• _Given entries_:
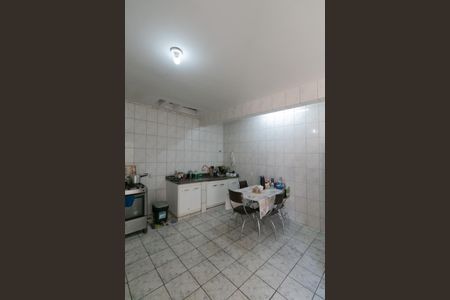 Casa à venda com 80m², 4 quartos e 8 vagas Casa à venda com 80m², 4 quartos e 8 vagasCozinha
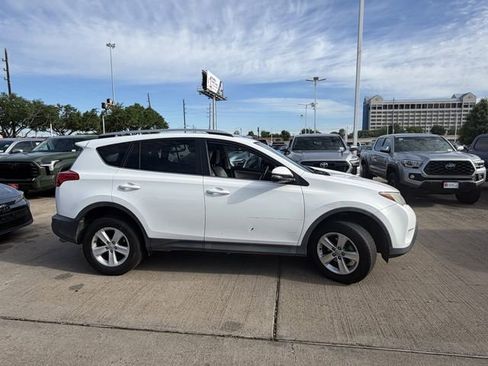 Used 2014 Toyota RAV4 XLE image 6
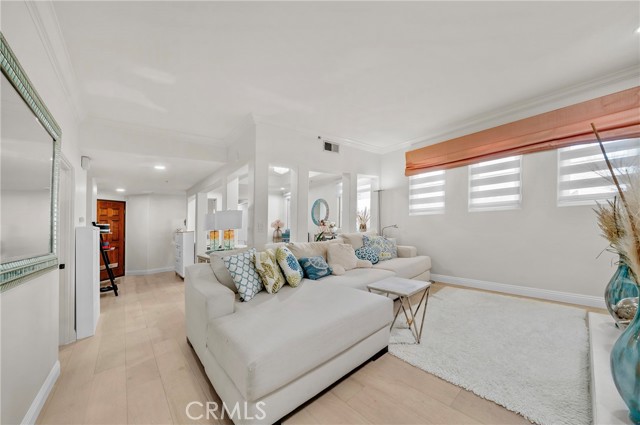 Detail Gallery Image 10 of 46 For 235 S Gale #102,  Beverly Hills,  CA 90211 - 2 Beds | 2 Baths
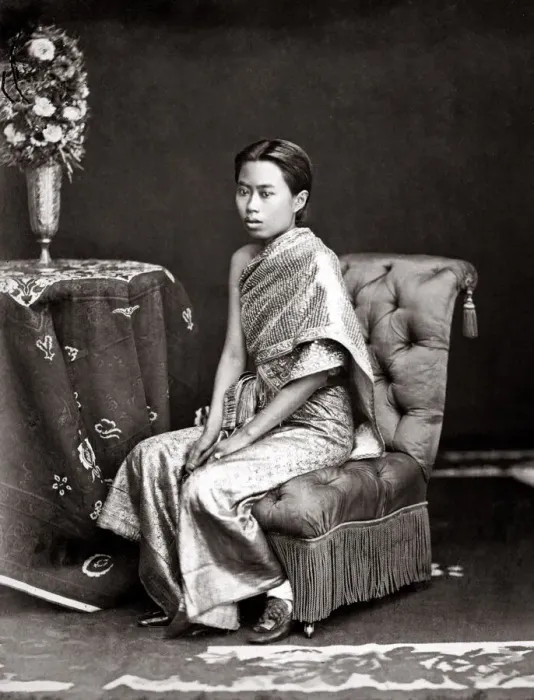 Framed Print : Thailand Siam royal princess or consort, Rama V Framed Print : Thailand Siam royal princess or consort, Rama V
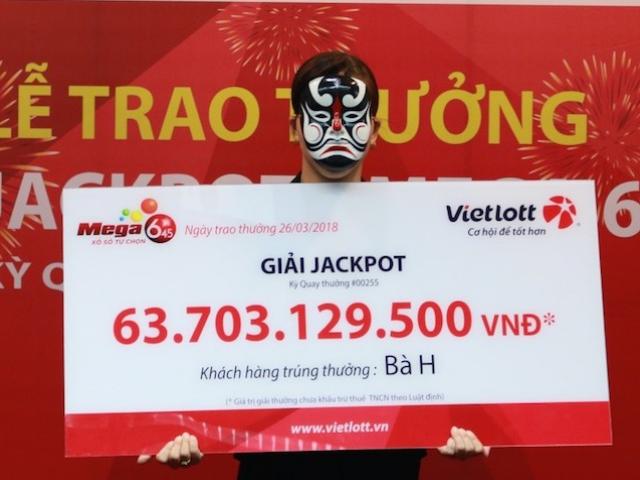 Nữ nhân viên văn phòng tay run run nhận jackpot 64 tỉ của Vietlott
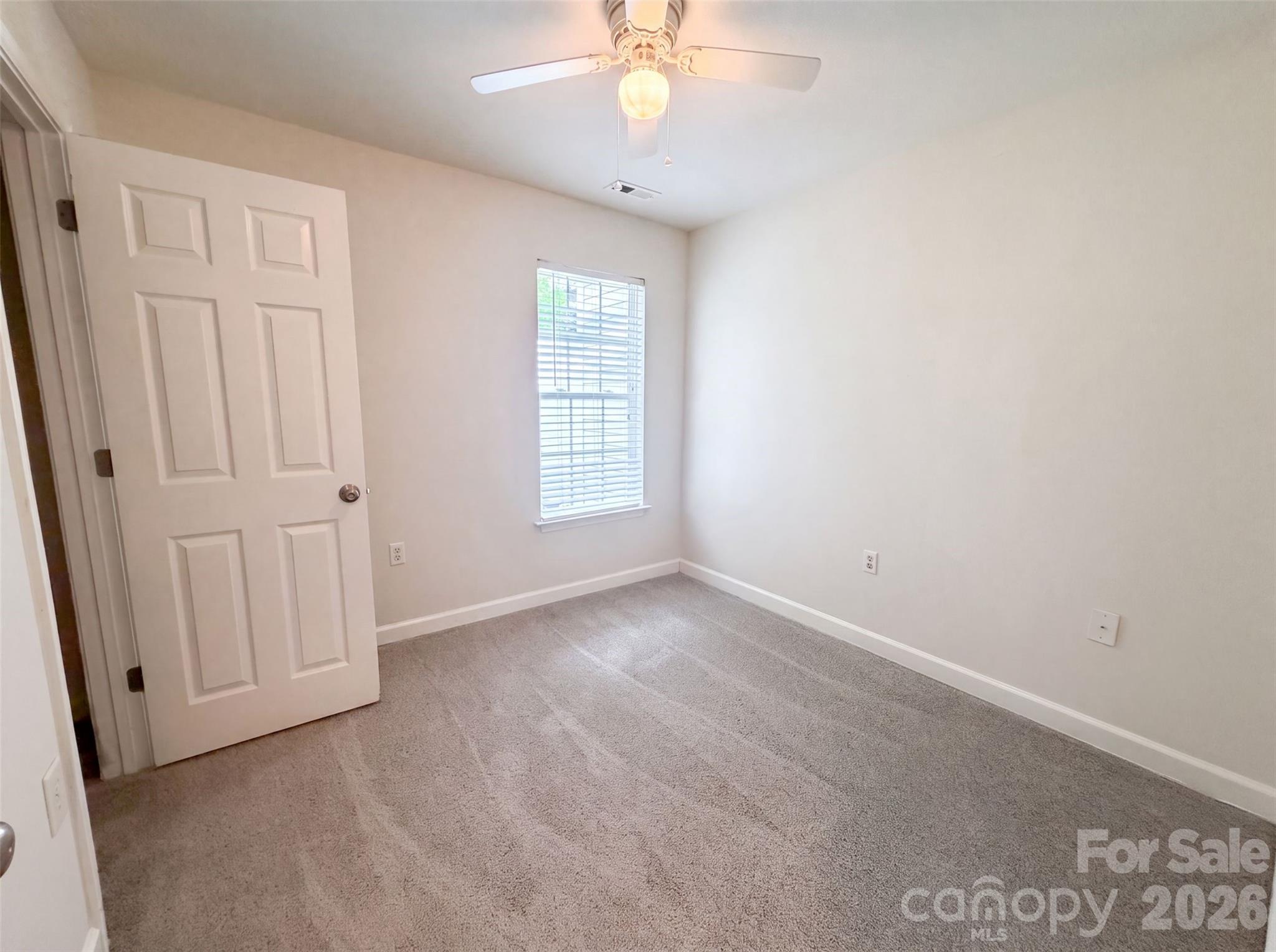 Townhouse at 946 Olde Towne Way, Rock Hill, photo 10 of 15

• _Problem to solve_: Write out again, exactly, each line from the one with "Rama V Framed" to the end of the entries. No pictures go in.

• _Solution_:
 Framed Print : Thailand Siam royal princess or consort, Rama V Framed Print : Thailand Siam royal princess or consort, Rama V
 Nữ nhân viên văn phòng tay run run nhận jackpot 64 tỉ của Vietlott
 Townhouse at 946 Olde Towne Way, Rock Hill, photo 10 of 15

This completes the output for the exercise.